第14話 歴史は修正される


 東条が食料と肥料をフランスへ送り終えた頃にはお昼時になっていた。予定通りの時間に終えられたことを喜びつつ、今日の予定を再確認する。


「午後一からフランス史の授業があるからな」


 東条は大学の講義の中で、病気になっても絶対に出ると決めている講義が二つあった。一つは言語学の講義で、もう一つはフランス史の講義である。特に今日はジャンヌ・ダルクが登場する中世フランス史に焦点が当たる。出ないわけにはいかなかった。


「講義に行く前にメールを出しておかないとな」


 食料と肥料を運んでもらったことを可憐にメールするため、携帯電話を取り出す。アドレス帳を上から流していくが、目当ての名前が見つからなかった。


「誤って消したのかな」


 東条は暗記していた可憐のメールアドレスに、食料と肥料を運んでもらった礼を記して送る。しかしアドレスは存在しないと、メールが返ってきてしまった。


「覚え間違いかな」


 アドレス帳からメールアドレスが消えてしまった以上、記憶間違いかどうかを確認することはできない。仕方ないと、東条はフランス史の講義を受けている時にでも礼を伝えることに決めた。


 鎌倉からバスで一五分ほど移動し、大学の別館へと訪れる。なぜかフランス史だけは本校ではなく、別館の講義室で授業を行っていた。教授の研究室が別館にあるためというのが本命の理由だが、本当の理由は定かではない。


「講義開始ギリギリだが、何とか間に合ったな」


 講義室の扉を開いて、ぐるっと室内を見渡す。いつもなら人だかりの中心に可憐がいる。だが今日はどこにも彼女の姿がなかった。東条が適当な席に座ると、教授が登場し、講義が始まった。

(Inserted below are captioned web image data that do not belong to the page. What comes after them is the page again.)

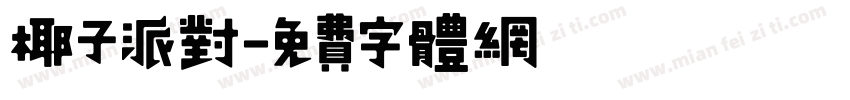 椰子派对字体转换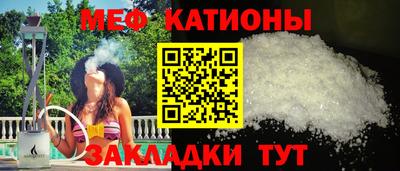 гидра Можга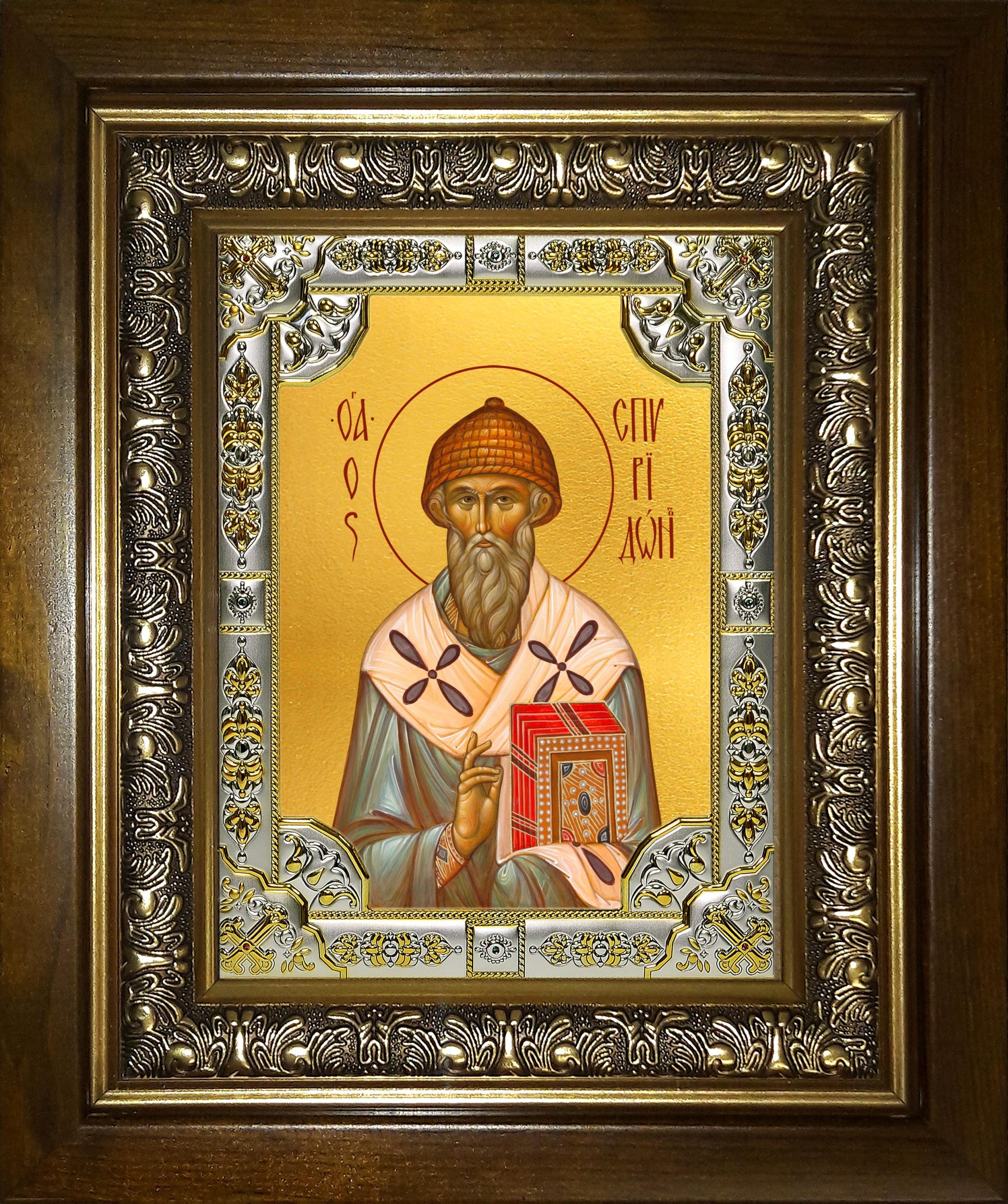 Икона освященная "Спиридон Тримифунтский святитель",в киоте 24x30 см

「今日は中世フランス史。特に魔女狩りについて話す。魔女狩りの被害を受けた女性の中で最も有名なのは、皆も知っての通りジャンヌ・ダルクだ」


 東条は気持ちを高ぶらせながら、講義内容をメモしていく。いつも以上にスラスラとペンが進んだ。


「ではジャンヌ・ダルクはなぜ魔女狩りの被害者として有名になったのか? 出席番号の七番、東条、答えてみろ」

「ジャンヌ・ダルクは百年戦争でフランスを勝利へと導いたが、最終的にイングランドに捕まり、魔女として処刑されたから――」

「もういい。何を言っているんだ、お前は」


 教授は妄言を吐く狂人を見る目を東条へと向ける。講義室の至る所からクスクスと、嘲笑する声が聞こえた。


「ジャンヌ・ダルクは邪教を崇拝し、村人たちに蜂起を促した。その勢力は凄まじく、フランス王さえ苦しめた。だから彼女を抹消するために、フランス王は魔女狩りを名目として、大規模な軍団をドンレミ村へと派遣したんだ。ドンレミ村の虐殺事件。世界史の常識だ」


 東条は教授の話す内容が頭に入ってこなかった。ジャンヌ・ダルクはフランスを救うために立ち上がった救国の乙女だ。歴史が変わりでもしない限り、フランス王に殺されるようなことはないはずである。


「歴史が……変わる……」


 東条の背中に冷たい汗が流れた。嫌な予感が全身を包みこむ。


「ちなみにジャンヌ・ダルクが信仰していた邪教だが、トウジョウ教というそうだ。お前の名前と同じだぞ」

「うっ……」


 疑念が確信に変わった瞬間だった。東条がジャンヌを助けたことにより歴史が改変されてしまったのだ。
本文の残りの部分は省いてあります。